I must admit I did not remember this quote...

> Sure sounds like it is saying that the IRi names a graph container.  But I now think that this is in fact irrelevant to SPARQL and is a misleading paragraph.

Misleading may be too harsh, but incomplete and, probably, irrelevant to SPARQL indeed.


> AFAIKS, all that SPARQL requires is that the IRI is paired with the graph in the dataset. It doesn't need to even mention any semantic relationship such as 'naming' between the IRI and the graph or graph container, nor does it require that the 'naming' IRI in this pair identify anything related to the graph, no matter how indirect this might be. (It might indeed have been better for everyone if SPARQL had simply shied away from using semantic terminology altogether.)

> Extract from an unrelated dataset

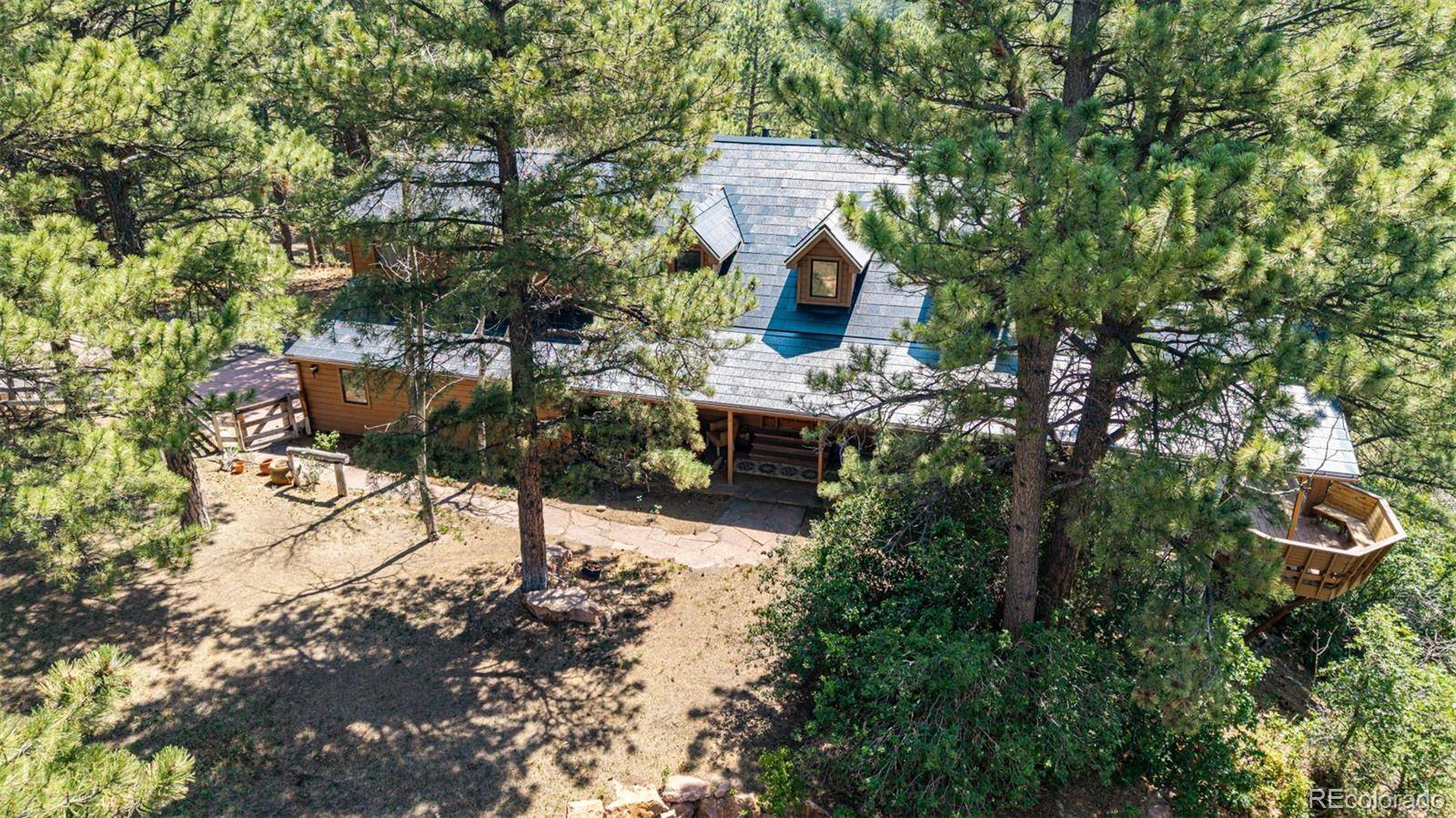 10714 Deerfield RD, Franktown, CO 80116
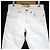 Autre Marque Pantaloni in denim SIVIGLIA Bianco - vista 3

Pat, I guess I agree with you...

> 
>> 
>> The RDF dataset definition is more general.
>> 
>> """
>> Definition: RDF Dataset
>> 
>> An RDF dataset is a set:
>> 
>>  { G, (<u1>, G1), (<u2>, G2), ... (<un>, Gn) }
>> 
>> where G and each Gi are graphs, and each <ui> is an IRI.
>> """
>> 
>> It adds:
>> """
>> Each <ui> is distinct.G is called the default graph. (<ui>, Gi) are called named graphs.
> 
> I would add that nowhere does it say that there is any relationship between Gi and <ui> , other than that they co-occur in a pair with a somewhat evocative name. It does not specify that <ui> denote or name or refer to G in any way, or indeed have any connection to it other than it is the same pair in this dataset. Which is exactly how people are using it, of course, as Richard and Antoine have been emphasizing. 
> 
> So – and perhaps this is what you, Ivan, have been advocating all along – we should distinguish actual referential naming of a graph (container) by an IRI, from the IRI/graph(container) relationship described or specified in a dataset, which is evidently not that of reference or naming (as the word is usually used) or what is usually called 'identification' of a resource by an IRI.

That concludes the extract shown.